In this story, you can read about:
What the defeat of Maroš Šefčovič means for Smer
Whether political analysts expect changes in the party
What similarities HZDS and Smer share
The candidate who ran with the support of the strongest Slovak political party, Maroš Šefčovič, lost the presidential race after gaining the support of 752,403 voters (41.6 percent of the cast votes). The runoff battle was focused on one important question, observers say: To vote or not to vote for Smer?

Much like five years ago when Andrej Kiska and Robert Fico stood against each other in the presidential polls, EU diplomat Šefčovič lost to Zuzana Čaputová.
“We asked voters of Zuzana Čaputová why Maroš Šefčovič was not an acceptable candidate for them,” Martin Slosiarik, director of the polling agency Focus, told The Slovak Spectator. “More than half said it was because he is candidate of Smer.”
The pro-European Šefčovič was also unacceptable to about a quarter of the Smer electorate that said in the poll they were not planning to vote in the second round, Focus data showed.
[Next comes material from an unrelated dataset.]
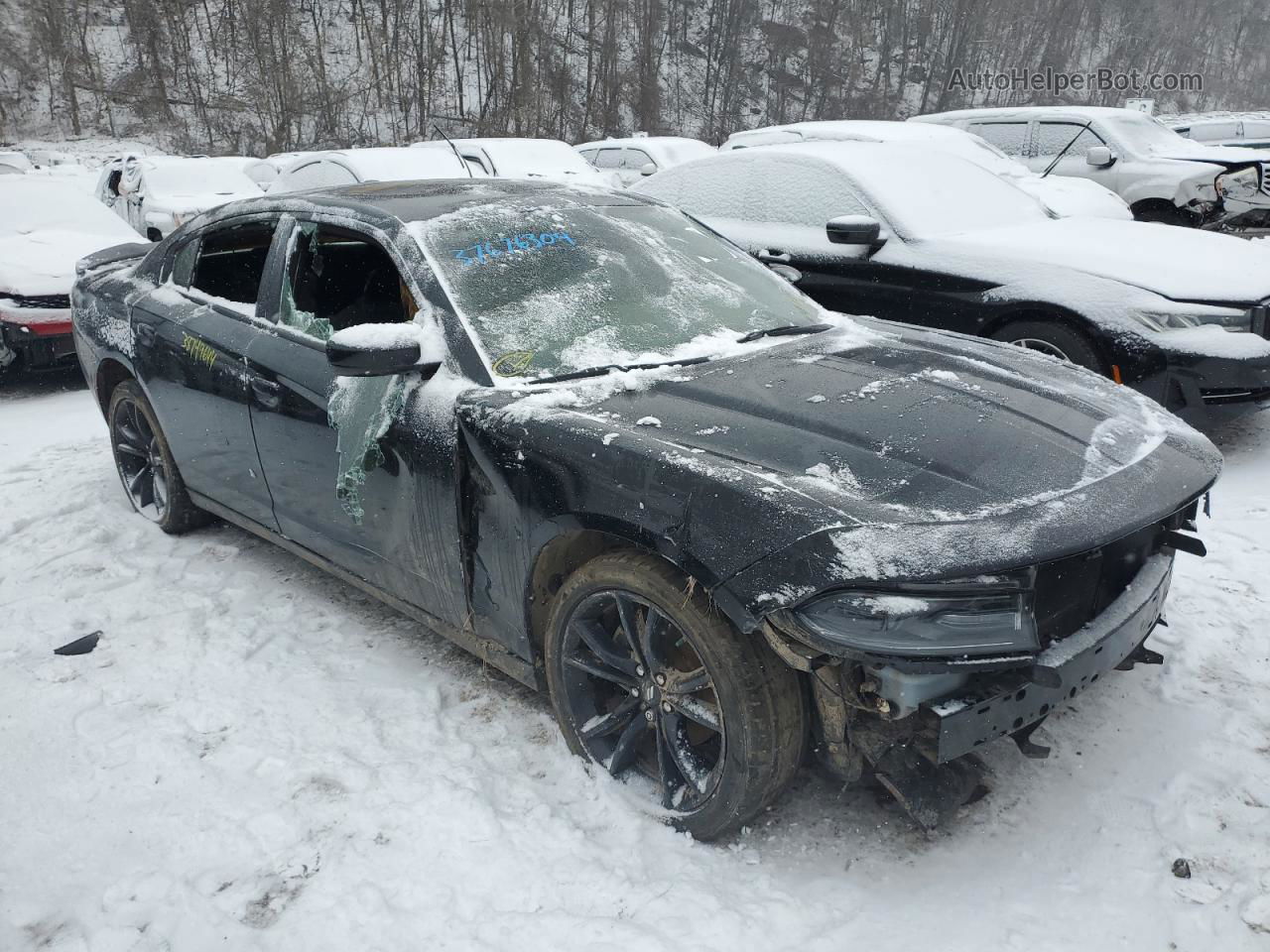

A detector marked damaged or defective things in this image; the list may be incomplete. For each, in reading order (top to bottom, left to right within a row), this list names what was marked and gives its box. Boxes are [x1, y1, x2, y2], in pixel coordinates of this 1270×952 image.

He also failed to lure enough voters to gain more support than he had in the first round of the election. Even though his numbers had grown since then, probably because some of the anti-system electorate voted for him, it was not enough. He also did not succeed in bringing new voters to the election.
Smer as a burden
Smer was undoubtedly one of the reasons Maroš Šefčovič lost, opined Tomáš Koziak, political analyst of the Department of Political Science at the Faculty of Arts at Pavol Jozef Šafárik University in Košice.